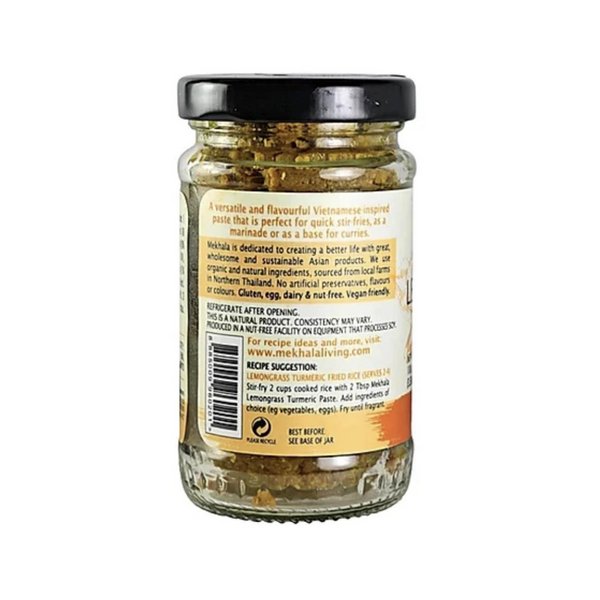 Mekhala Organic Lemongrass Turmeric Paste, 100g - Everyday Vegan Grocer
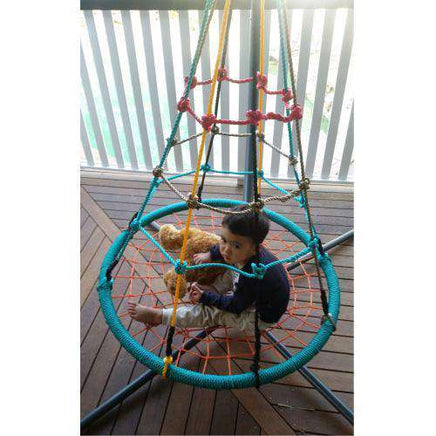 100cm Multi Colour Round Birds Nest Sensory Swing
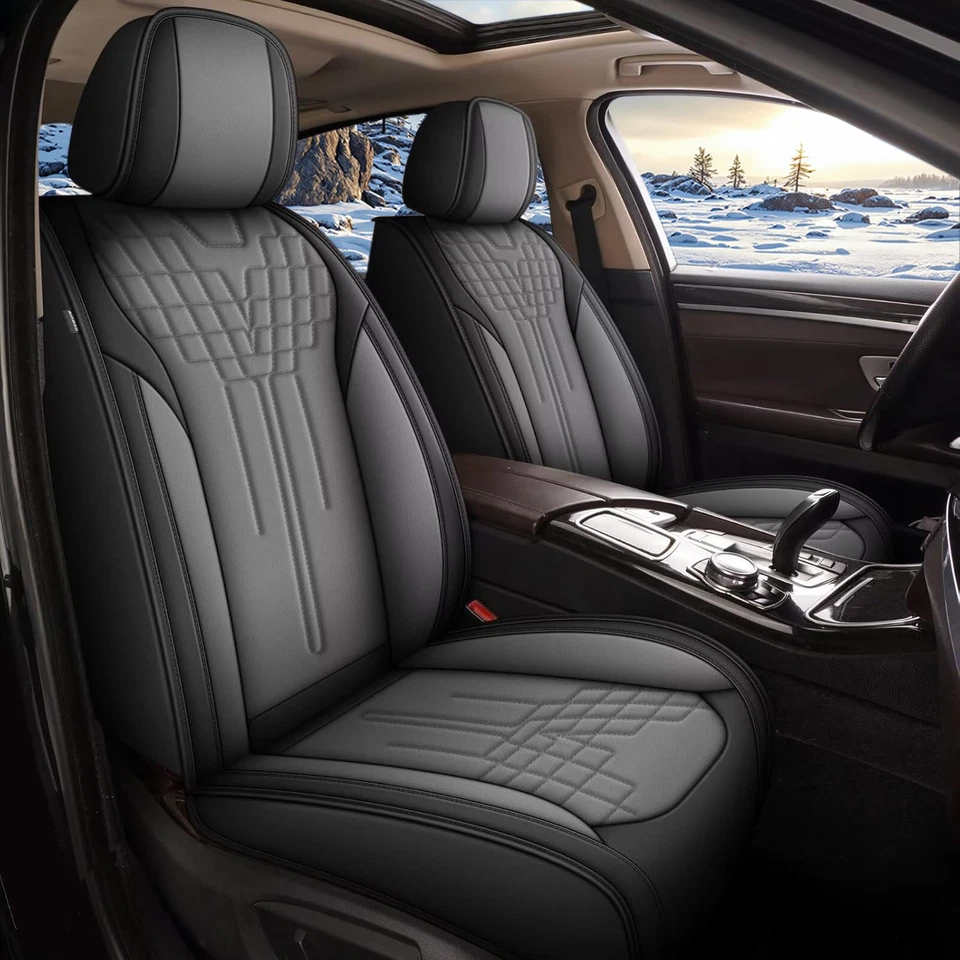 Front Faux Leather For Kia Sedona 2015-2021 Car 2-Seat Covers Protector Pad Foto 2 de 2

⁂

__Directions for this task__
Word for word, give the data above again, without any images.

__Your solution__
 Mekhala Organic Lemongrass Turmeric Paste, 100g - Everyday Vegan Grocer
 100cm Multi Colour Round Birds Nest Sensory Swing
 Front Faux Leather For Kia Sedona 2015-2021 Car 2-Seat Covers Protector Pad Foto 2 de 2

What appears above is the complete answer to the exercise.